Считавший себя незаконно лишенным короны, Павел либо до смерти скучал, либо играл в войну, по 10 часов в день выкрикивал команды, воображая себя, очевидно, то Петром Великим, то своим кумиром королем Пруссии Фридрихом II. Все, что угодно, могло вызывать в нем раздражение и гнев: придворные трепетали в его присутствии.
— Пажи боятся Великого князя много более, чем самой Государыни императрицы, — признался мне Игнатьич.
Мария Федоровна, родная мать протагониста, показалась мне особой одновременно хитрой и в то же время крайне недалёкой. Есть такая категория людей, что запросто кого угодно объегорят на гривенник, и в то же время совершенно спокойно прохлопают лежащие прямо у носа своего миллионы, просто потому, что слишком заняты, выкруживая указанный гривенник. В девичестве София Мария Доротея Августа Луиза Вюртембергская, она была ещё молода — ей шел 28-й год, но, из-за специфических интеллектуальных свойств супруга скучала, целыми днями занимаясь лишь вынашиванием детей и шитьём. Однако жестокие выходки и приступы ярости становились все более частыми; доходило до того, что Павел оскорблял жену даже в присутствии слуг!
Сестры наши были ещё совсем маленькие: Александре шел 5-ё год, Елене, которую все называли «Елена Прекрасная», — 4-й. Была еще дочь Мария, совсем кроха: у неё только резались зубки. Они жили с родителями, но виделись мы достаточно часто, чтобы они помнили своих братьев.
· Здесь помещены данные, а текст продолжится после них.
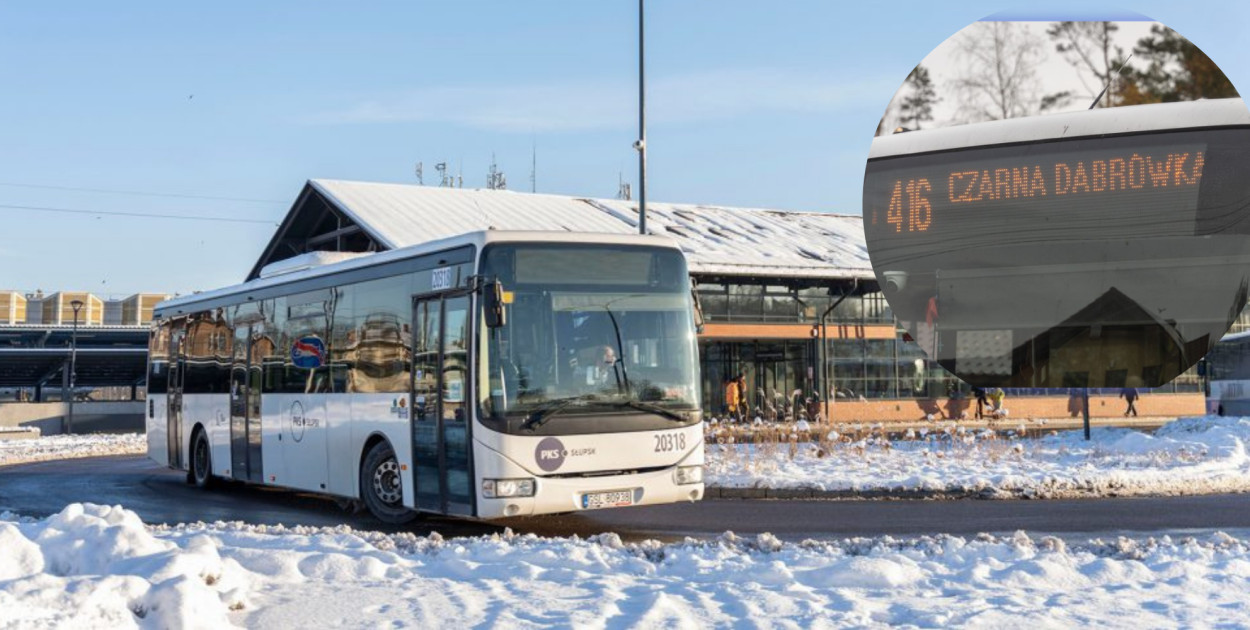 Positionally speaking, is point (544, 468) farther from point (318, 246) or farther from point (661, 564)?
point (318, 246)

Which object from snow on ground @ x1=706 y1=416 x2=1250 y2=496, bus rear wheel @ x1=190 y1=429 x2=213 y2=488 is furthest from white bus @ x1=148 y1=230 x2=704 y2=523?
bus rear wheel @ x1=190 y1=429 x2=213 y2=488

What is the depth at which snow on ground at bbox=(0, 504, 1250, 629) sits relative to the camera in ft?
21.3

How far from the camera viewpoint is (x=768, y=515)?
46.1 ft

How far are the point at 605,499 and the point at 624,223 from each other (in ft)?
107

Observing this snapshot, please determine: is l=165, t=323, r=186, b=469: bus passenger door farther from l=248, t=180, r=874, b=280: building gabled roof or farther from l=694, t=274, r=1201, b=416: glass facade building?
l=694, t=274, r=1201, b=416: glass facade building

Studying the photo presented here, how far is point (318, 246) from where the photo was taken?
148 feet

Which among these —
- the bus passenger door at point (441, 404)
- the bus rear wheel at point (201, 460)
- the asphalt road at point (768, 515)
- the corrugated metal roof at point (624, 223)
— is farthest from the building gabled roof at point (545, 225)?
the bus passenger door at point (441, 404)

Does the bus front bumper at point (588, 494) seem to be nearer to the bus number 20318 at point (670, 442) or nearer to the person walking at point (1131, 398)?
the bus number 20318 at point (670, 442)

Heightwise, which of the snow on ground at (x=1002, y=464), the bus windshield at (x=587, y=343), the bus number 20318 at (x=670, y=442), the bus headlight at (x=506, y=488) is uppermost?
the bus windshield at (x=587, y=343)

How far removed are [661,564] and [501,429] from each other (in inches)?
136

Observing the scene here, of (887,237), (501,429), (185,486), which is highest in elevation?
(887,237)

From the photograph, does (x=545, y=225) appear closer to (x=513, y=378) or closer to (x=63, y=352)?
(x=63, y=352)

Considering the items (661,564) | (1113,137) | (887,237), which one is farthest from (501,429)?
(1113,137)

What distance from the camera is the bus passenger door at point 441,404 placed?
12141 millimetres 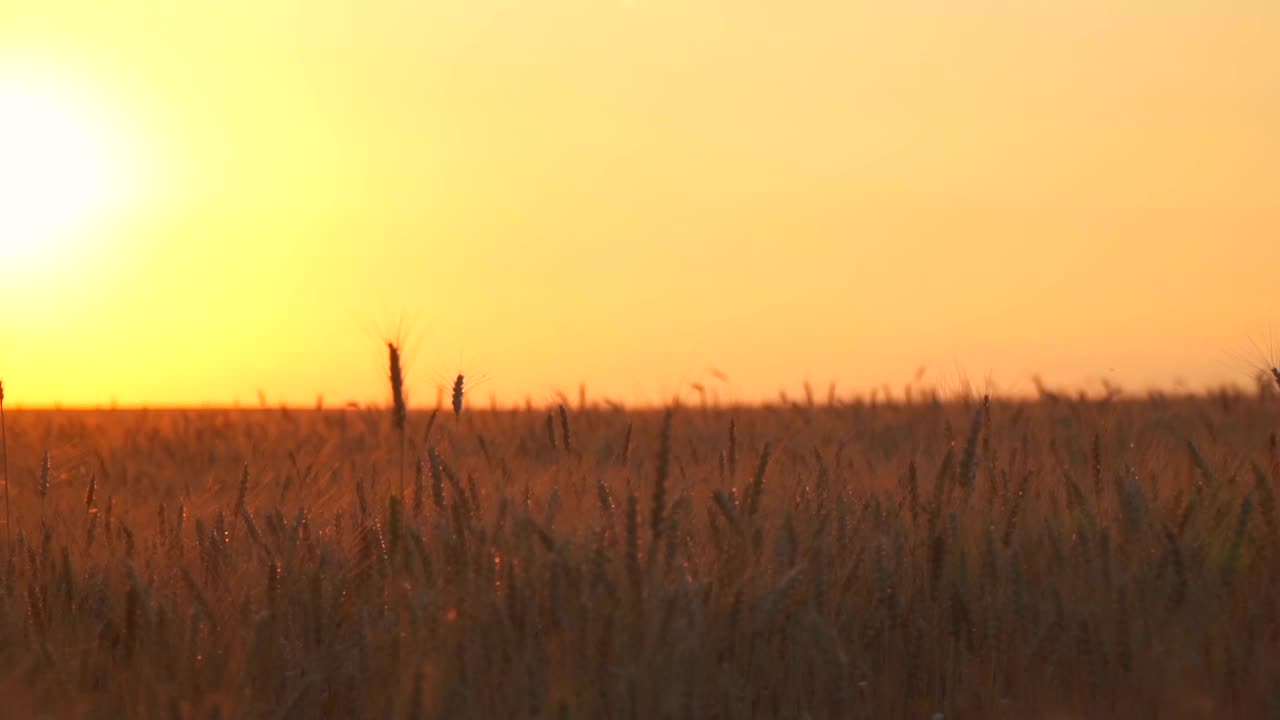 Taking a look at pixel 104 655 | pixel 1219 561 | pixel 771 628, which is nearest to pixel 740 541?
pixel 771 628

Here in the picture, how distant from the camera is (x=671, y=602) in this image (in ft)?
7.67

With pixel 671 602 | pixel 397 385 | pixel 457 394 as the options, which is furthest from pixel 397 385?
pixel 671 602

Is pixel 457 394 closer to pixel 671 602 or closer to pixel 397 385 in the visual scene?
pixel 397 385

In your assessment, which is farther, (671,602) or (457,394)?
(457,394)

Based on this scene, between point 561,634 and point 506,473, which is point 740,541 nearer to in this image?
point 561,634

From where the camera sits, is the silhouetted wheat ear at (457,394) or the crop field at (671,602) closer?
the crop field at (671,602)

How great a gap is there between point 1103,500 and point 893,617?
913 millimetres

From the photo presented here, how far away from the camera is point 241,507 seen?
3.38 metres

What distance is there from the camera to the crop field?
96.2 inches

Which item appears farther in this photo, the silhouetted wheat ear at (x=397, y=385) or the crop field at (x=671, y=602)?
the silhouetted wheat ear at (x=397, y=385)

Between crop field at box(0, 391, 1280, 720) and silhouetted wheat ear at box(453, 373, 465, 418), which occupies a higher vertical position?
silhouetted wheat ear at box(453, 373, 465, 418)

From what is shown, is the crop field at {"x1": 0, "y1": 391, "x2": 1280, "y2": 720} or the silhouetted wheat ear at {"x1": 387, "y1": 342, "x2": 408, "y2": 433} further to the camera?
the silhouetted wheat ear at {"x1": 387, "y1": 342, "x2": 408, "y2": 433}

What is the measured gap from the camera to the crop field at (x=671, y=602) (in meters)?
2.44

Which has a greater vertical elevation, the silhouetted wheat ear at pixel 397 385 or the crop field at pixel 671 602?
the silhouetted wheat ear at pixel 397 385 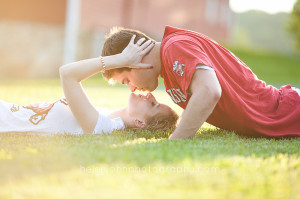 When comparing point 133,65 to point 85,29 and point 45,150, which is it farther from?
point 85,29

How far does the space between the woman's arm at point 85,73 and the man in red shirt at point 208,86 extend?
11cm

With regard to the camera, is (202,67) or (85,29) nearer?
(202,67)

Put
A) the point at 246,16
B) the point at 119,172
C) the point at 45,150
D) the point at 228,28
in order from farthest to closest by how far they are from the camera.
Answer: the point at 246,16 → the point at 228,28 → the point at 45,150 → the point at 119,172

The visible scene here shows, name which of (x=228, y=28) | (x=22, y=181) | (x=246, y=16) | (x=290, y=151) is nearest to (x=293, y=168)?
(x=290, y=151)

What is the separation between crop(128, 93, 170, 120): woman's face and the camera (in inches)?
154

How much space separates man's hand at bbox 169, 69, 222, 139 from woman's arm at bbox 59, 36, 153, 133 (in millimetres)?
606

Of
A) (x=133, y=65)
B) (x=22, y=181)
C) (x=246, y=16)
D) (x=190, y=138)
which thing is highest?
(x=133, y=65)

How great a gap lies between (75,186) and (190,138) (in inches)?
Result: 62.3

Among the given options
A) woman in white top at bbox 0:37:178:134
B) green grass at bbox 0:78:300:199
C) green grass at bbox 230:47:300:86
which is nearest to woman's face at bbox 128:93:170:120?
woman in white top at bbox 0:37:178:134

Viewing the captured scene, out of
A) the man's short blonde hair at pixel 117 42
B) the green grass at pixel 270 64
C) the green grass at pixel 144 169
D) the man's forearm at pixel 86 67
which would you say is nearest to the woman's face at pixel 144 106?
the man's short blonde hair at pixel 117 42

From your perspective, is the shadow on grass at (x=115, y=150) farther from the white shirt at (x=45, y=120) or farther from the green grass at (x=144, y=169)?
the white shirt at (x=45, y=120)

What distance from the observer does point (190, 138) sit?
11.3ft

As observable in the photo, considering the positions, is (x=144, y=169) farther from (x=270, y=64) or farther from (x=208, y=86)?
(x=270, y=64)

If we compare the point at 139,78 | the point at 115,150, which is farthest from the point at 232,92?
the point at 115,150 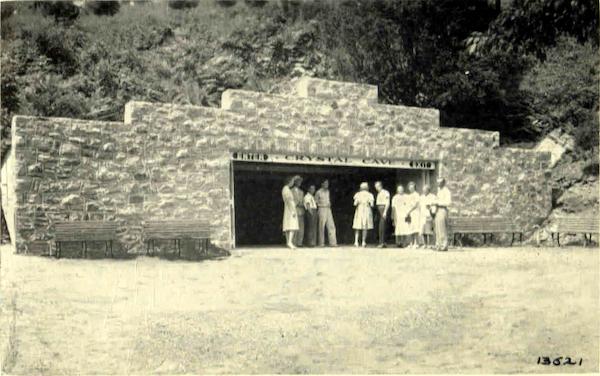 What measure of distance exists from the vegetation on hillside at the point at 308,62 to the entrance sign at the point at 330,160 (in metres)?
5.60

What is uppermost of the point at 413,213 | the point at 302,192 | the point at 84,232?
the point at 302,192

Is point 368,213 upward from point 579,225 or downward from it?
upward

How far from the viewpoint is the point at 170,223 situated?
561 inches

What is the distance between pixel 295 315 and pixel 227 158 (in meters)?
6.18

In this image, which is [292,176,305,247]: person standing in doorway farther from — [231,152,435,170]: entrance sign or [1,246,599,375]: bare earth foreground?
[1,246,599,375]: bare earth foreground

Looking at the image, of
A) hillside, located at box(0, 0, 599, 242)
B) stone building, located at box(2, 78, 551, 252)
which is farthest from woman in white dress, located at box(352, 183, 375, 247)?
hillside, located at box(0, 0, 599, 242)

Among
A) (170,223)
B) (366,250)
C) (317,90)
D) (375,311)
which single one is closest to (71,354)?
(375,311)

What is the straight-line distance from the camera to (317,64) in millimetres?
28016

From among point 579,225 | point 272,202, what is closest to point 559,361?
point 579,225

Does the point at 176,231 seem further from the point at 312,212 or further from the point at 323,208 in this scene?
the point at 323,208

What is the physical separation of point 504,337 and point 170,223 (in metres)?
7.62

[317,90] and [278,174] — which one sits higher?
[317,90]

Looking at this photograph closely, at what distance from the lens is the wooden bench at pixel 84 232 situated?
13117 mm

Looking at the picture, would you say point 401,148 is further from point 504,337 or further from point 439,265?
point 504,337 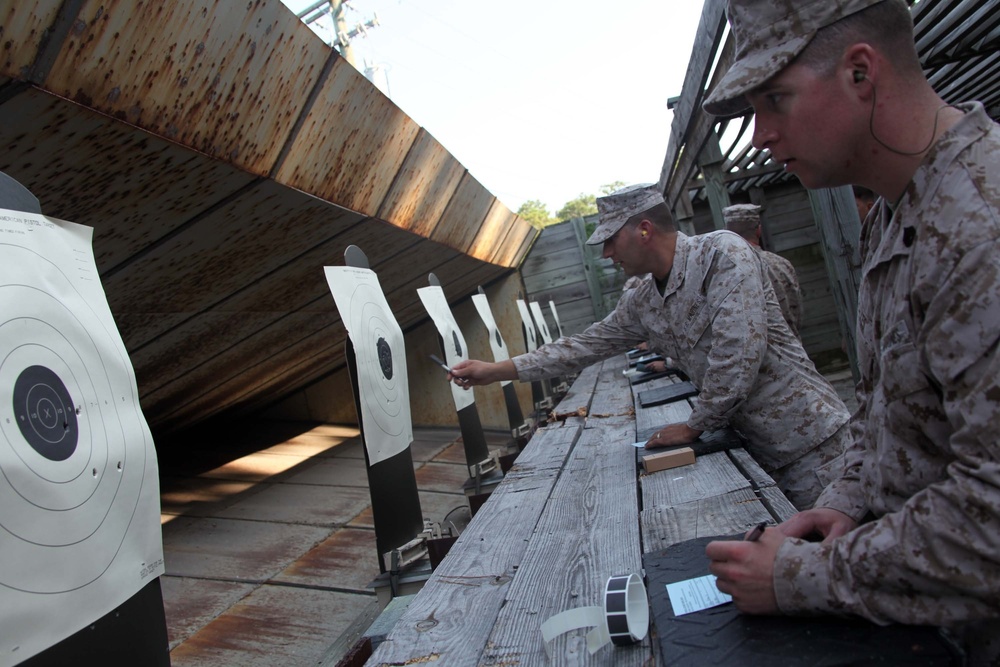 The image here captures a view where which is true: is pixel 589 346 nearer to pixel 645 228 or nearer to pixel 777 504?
pixel 645 228

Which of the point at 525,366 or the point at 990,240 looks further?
the point at 525,366

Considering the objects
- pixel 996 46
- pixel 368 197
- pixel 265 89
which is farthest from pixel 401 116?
pixel 996 46

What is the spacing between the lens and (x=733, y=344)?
2.62 m

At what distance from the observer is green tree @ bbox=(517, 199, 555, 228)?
3039 inches

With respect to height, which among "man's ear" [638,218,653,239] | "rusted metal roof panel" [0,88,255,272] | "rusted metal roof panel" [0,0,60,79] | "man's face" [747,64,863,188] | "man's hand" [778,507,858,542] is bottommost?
"man's hand" [778,507,858,542]

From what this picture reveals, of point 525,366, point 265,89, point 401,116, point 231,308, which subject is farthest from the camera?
point 231,308

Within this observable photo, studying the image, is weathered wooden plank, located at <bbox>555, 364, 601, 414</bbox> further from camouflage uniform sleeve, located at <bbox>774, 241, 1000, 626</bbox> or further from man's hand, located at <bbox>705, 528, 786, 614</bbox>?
camouflage uniform sleeve, located at <bbox>774, 241, 1000, 626</bbox>

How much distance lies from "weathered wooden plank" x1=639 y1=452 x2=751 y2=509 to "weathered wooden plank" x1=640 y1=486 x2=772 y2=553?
48 mm

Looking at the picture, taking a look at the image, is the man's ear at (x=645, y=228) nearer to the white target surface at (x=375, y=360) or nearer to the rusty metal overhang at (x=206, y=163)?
the white target surface at (x=375, y=360)

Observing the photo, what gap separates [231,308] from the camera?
469 centimetres

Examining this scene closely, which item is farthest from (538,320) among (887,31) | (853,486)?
(887,31)

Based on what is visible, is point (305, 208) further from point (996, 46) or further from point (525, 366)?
point (996, 46)

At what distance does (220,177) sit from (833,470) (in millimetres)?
2310

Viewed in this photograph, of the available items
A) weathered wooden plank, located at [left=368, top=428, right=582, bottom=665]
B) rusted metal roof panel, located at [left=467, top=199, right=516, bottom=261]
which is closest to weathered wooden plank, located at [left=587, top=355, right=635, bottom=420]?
weathered wooden plank, located at [left=368, top=428, right=582, bottom=665]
Держались они довольно непринуждённо и любили с нами играть; но я очень быстро от этого уставал и уходил заниматься. Впрочем, общение с этими крохами прекрасно разгружало мою голову после ужасов французской грамматики!
Болезнь прошла, и нас начали посещать обычные учителя. Указанный выше Андрей Афанасьевич Самборский учил нас Закону Божьему, а Фредерик Сезар Де Ла Гарп, молодой, энергичный швейцарец, — французскому языку. Последнего Салтыков просил об усиленных со мною занятиях, и мы плотно занялись зубрёжкой французских глаголов. Ужасная вещь! Ла Гарп оказался терпеливым и доброжелательным преподавателем, хотя педагогическая доктрина 21-го века нашла бы в его методике немало несообразностей и пробелов.